Open AccessCrystallization and preliminary X‐ray analysis of the CRP–cAMP–DNA (full length) complex
Author(s) -
Huang Jing,
Liu Jing,
Tao Wenbing,
Yang Zhenxing,
Qiu Rui,
Yu Shaoning,
Ji Chaoneng
Publication year - 2013
Publication title -
acta crystallographica section f
Language(s) - English
Resource type - Journals
ISSN - 1744-3091
DOI - 10.1107/s1744309113009925
Subject(s) - crystallization , dna , crystallography , x ray , materials science , x ray crystallography , chemistry , physics , optics , biochemistry , diffraction , organic chemistry
The Escherichia coli cyclic AMP receptor protein (CRP) is a well known transcription activator protein. In this study, CRP was overexpressed, purified and cocrystallized with cAMP and a 38 bp full‐length double‐stranded DNA fragment.
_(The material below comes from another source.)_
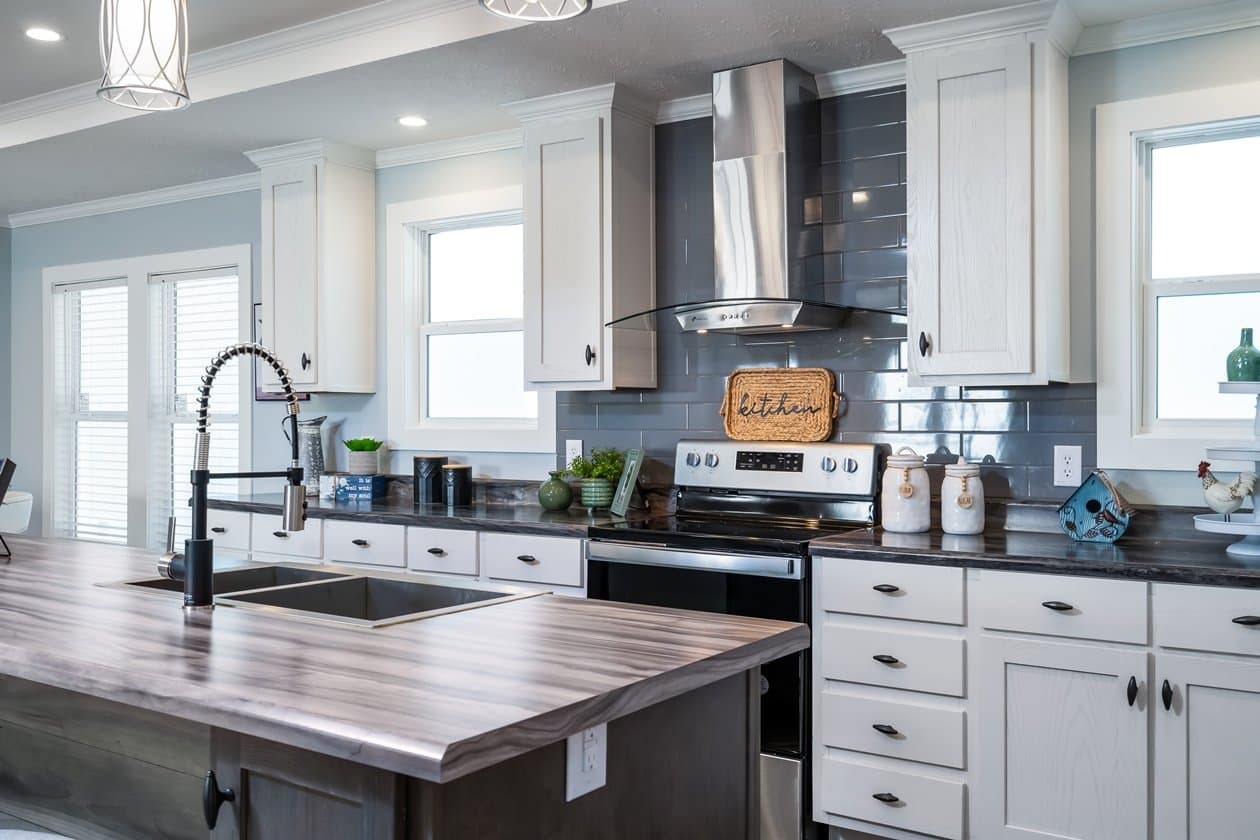 Byler kitchen home features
The full‐length segment differed from the half‐site fragments used in previous crystallization experiments and is more similar to the environment in vivo . CRP–cAMP–DNA crystals were obtained and diffracted to 2.9 Å resolution. The crystals belonged to space group P 3 1 21, with unit‐cell parameters a = b = 76.03, c = 144.00 Å. The asymmetric unit was found to contain one protein molecule and half a 38 bp full‐length double‐stranded DNA fragment, with a Matthews coefficient of 2.62 Å 3 Da −1 and a solvent content of 53.14%.